Pragmatic Obots Unite

Shooting down firebaggers & teabaggers one truth at a time...

Wednesday Open Thread: More Black Saints

December 2, 2015 by pragobots 307 Comments

 

st-anthonySaint Anthony or Antony (Greek: Ἀντώνιος, Antṓnios; Latin: Antonius; c. 251–356) was a Christian monk from Egypt, revered since his death as a saint. He is distinguished from other saints named Anthony by various epithets: Anthony the Great,Anthony of Egypt, Anthony the Abbot, Anthony of the Desert, Anthony the Anchorite, and Anthony of Thebes. For his importance among the Desert Fathers and to all later monasticism, he is also known as the Father of All Monks. His feast day is celebrated on January 17 among the Orthodox and Catholic churches and on Tobi 22 in the Egyptian calendar used by the Coptic Church. He is also considered the “Father of Monasticism”

All of the Saint Anthony’s images have been completely whitewashed to have more Eurocentric features. So, the images seen on the internet do not show his true features. 

The biography of Anthony’s life by Athanasius of Alexandria helped to spread the concept of monasticism, particularly in Western Europe via its Latin translations. He is often erroneously considered the first monk, but as his biography and other sources make clear, there were many ascetics before him. Anthony was, however, the first known ascetic going into the wilderness (about ad 270), a geographical move that seems to have contributed to his renown. Accounts of Anthony enduring supernatural temptation during his sojourn in the Eastern Desert of Egypt inspired the often-repeated subject of the temptation of St. Anthony in Western art and literature.

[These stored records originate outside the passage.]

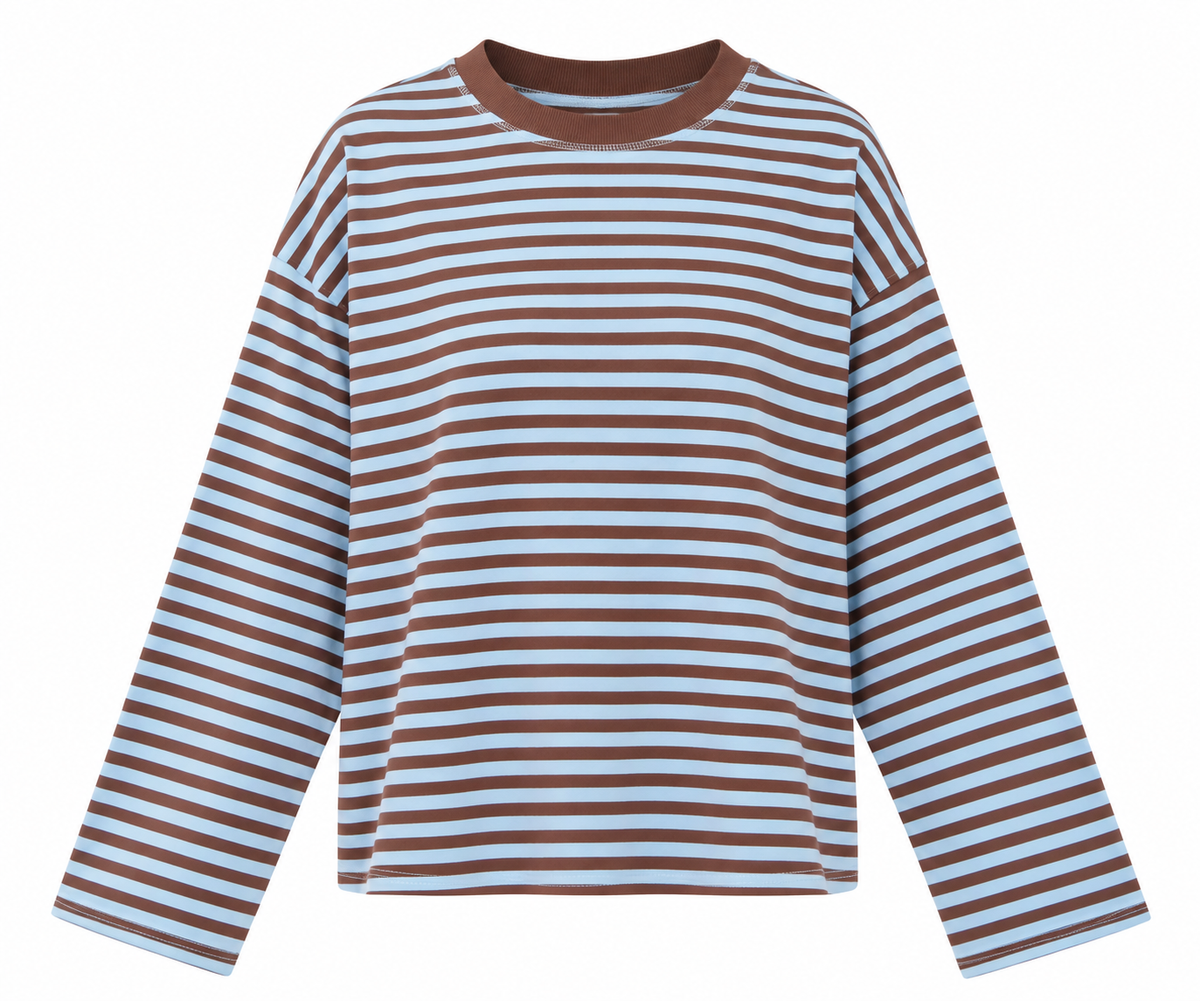 THE BLUE MOCHA STRIPE TEE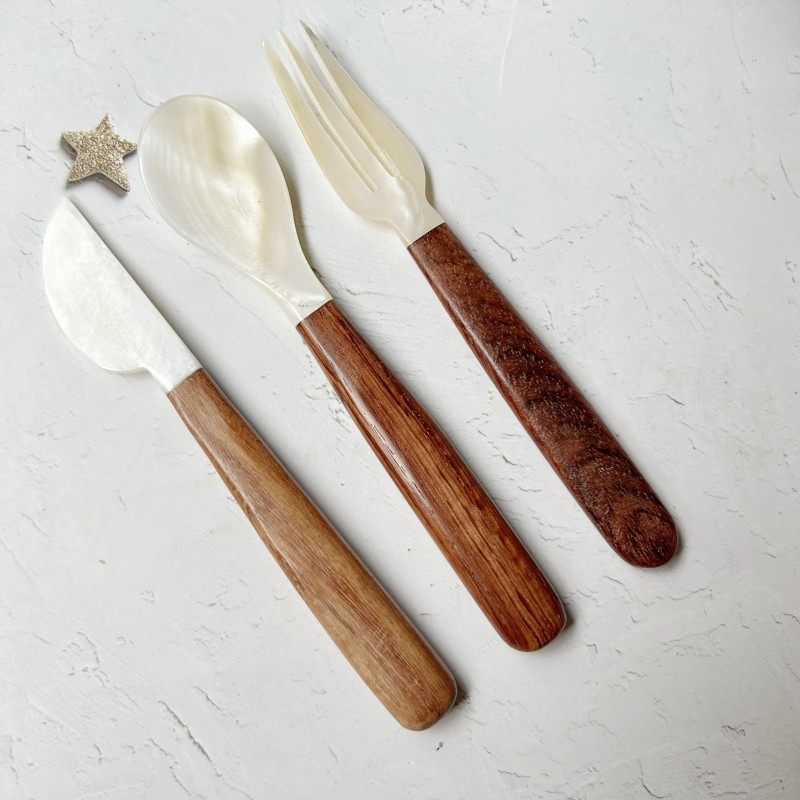 天然贝壳勺子创意餐具沙拉甜品木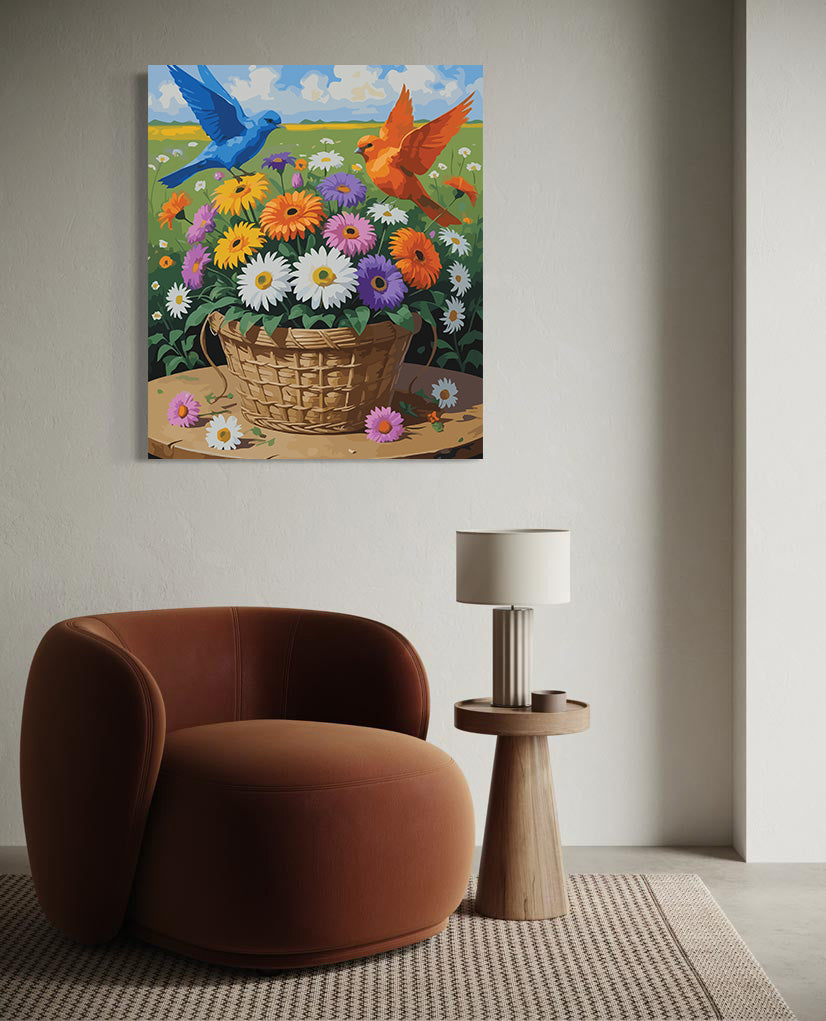 Pictura pe Numere – Gerbera in cos de paie 7009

Anthony is appealed to against infectious diseases, particularly skin diseases. In the past, many such afflictions, including ergotism,erysipelas, and shingles, were historically referred to as St. Anthony’s fire.

Anthony was born in Coma in Lower Egypt in ad 251 to wealthy landowner parents. When he was about 18 years old, his parents died and left him with the care of his unmarried sister. Shortly thereafter, he decided to follow the Evangelical counsel of Jesus which reads, “If you want to be perfect, go, sell what you have and give to the poor, and you will have treasures in heaven.”[Mt 19:21] Anthony gave away some of his family’s lands to his neighbors, sold the remaining property, and donated the funds thus raised to the poor. He then left to live an ascetic life, placing his sister with a group of Christian virgins, a sort of proto-nunnery.

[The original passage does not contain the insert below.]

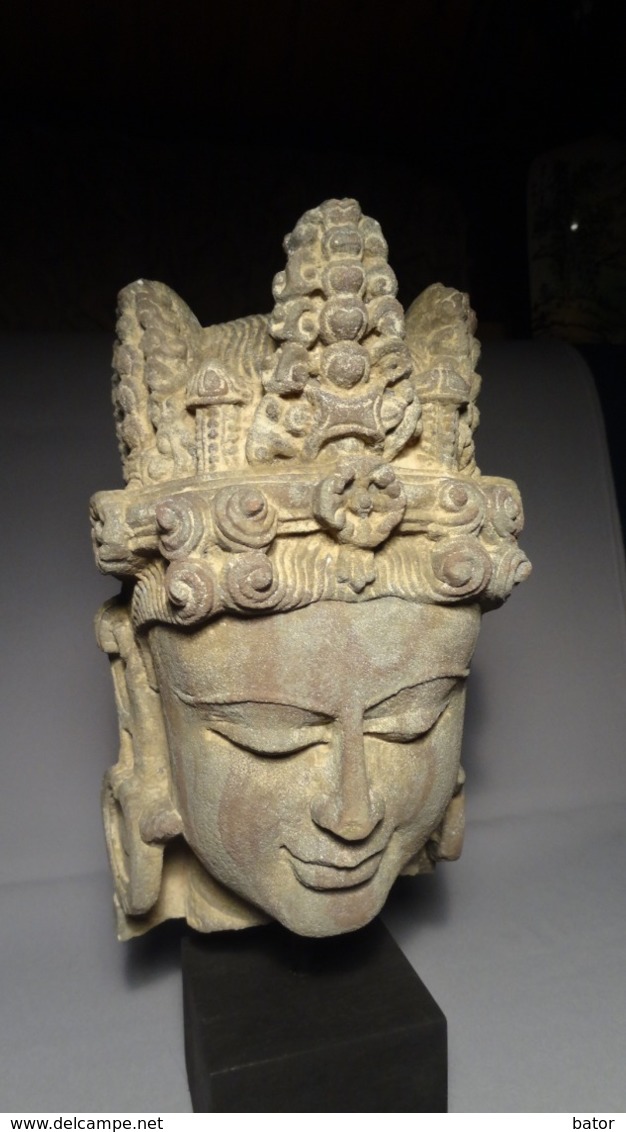 A Fine Stone Head Of Bodhisattva Gupta Period 500-700 A.D From Northern-India - Asian Art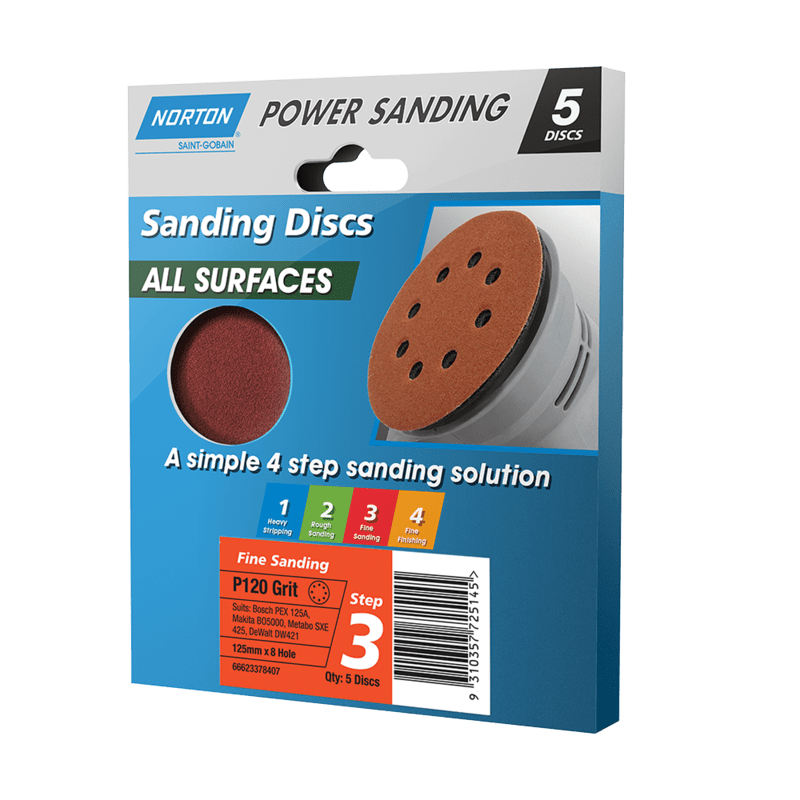 Norton Speed Grip Sanding Discs 125mm P120 125mm Pack of 5 (Pack)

For the next fifteen years, Anthony remained in the area, spending the first years as the disciple of another local hermit. There are various legends associating Anthony with pigs: one is that he worked as a swineherd during this period.

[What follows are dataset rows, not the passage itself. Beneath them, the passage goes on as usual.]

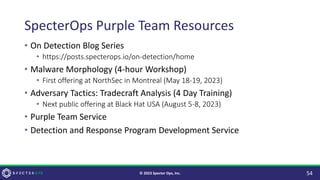 SpecterOps Purple Team Resources
• On Detection Blog Series
• https://posts.specterops.io/on-detection/home
• Malware Morphology (4-hour Workshop)
• First offering at NorthSec in Montreal (May 18-19, 2023)
• Adversary Tactics: Tradecraft Analysis (4 Day Training)
• Next public offering at Black Hat USA (August 5-8, 2023)
• Purple Team Service
• Detection and Response Program Development Service
54
© 2023 Specter Ops, Inc.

According to Athanasius, the devil fought Anthony by afflicting him with boredom, laziness, and the phantoms of women, which he overcame by the power of prayer, providing a theme for Christian art. After that, he moved to a tomb, where he resided and closed the door on himself, depending on some local villagers who brought him food. When the devil perceived his ascetic life and his intense worship, he was envious and beat him mercilessly, leaving him unconscious. When his friends from the local village came to visit him and found him in this condition, they carried him to a church.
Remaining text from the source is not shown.